In budget battle, voters are the 'adults in the room'(Read article summary)
Politicians on both extremes think voters want stubborness in the budget battle. They're wrong.
Congress finally broke the impasse over a temporary extension of the payroll tax in 2012, but it remains deadlocked over the big policy changes needed to get our government's finances back on an economically sustainable track. Each side blames the other: Democrats refuse to work with Republicans who are entrenched in a "no new taxes" stance; Republicans counter that Democrats' fondness for "class warfare" policy ideas will kill the economy.
Politicians on the extremes of both sides seem to believe their stubbornness is just what the voters want from them. But they are wrong.
Republicans argue that the federal budget problem is almost entirely a "spending problem" justifying mostly spending-side-only solutions. They claim that any revenue increases, but especially those burdening the richest households, would kill the economy by taking away any incentives for business expansion. The theory is that the "small" businesses owned by millionaire entrepreneurs – labeled by Republicans as the "job creators" of the economy – will reduce hiring if their tax burdens go up.

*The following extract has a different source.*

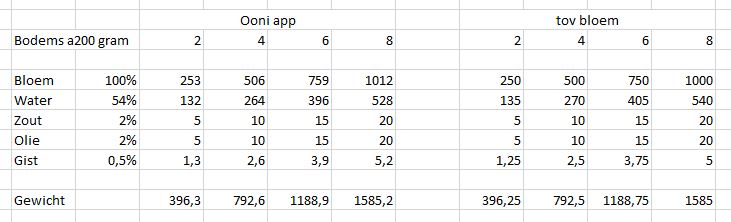 2021-07-30 15_22_12-Pizzabodem - Excel.jpg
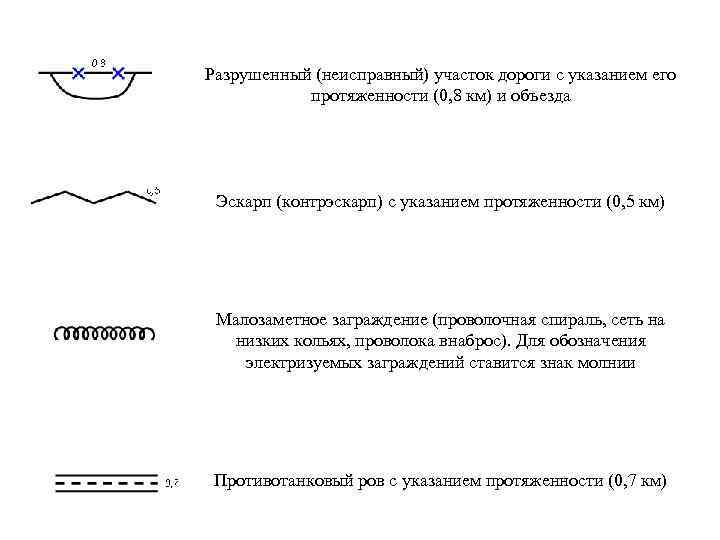 Разрушенный (неисправный) участок дороги с указанием его протяженности (0, 8 км) и объезда Эскарп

But National Public Radio's Tamara Keith recently looked for these millionaires who would stop hiring because of higher taxes, and she couldn't locate anyone willing to support that theory – not even when she went to the Republican politicians who are most vocal on that claim.
So NPR hunted down its own millionaire "job creators" and found some who said that even faced with higher taxes, they would still have an incentive to maximize their profits, expand their businesses accordingly, and yes, keep hiring more workers. As one of these millionaires explained:
"Like any other American, especially a business owner, I want to make as much money as I can and I want to keep as much money in my pocket as I can, but I also believe in the greater good," says Deborah Schwarz, who owns LAC Group, an information management firm with offices nationwide and in London.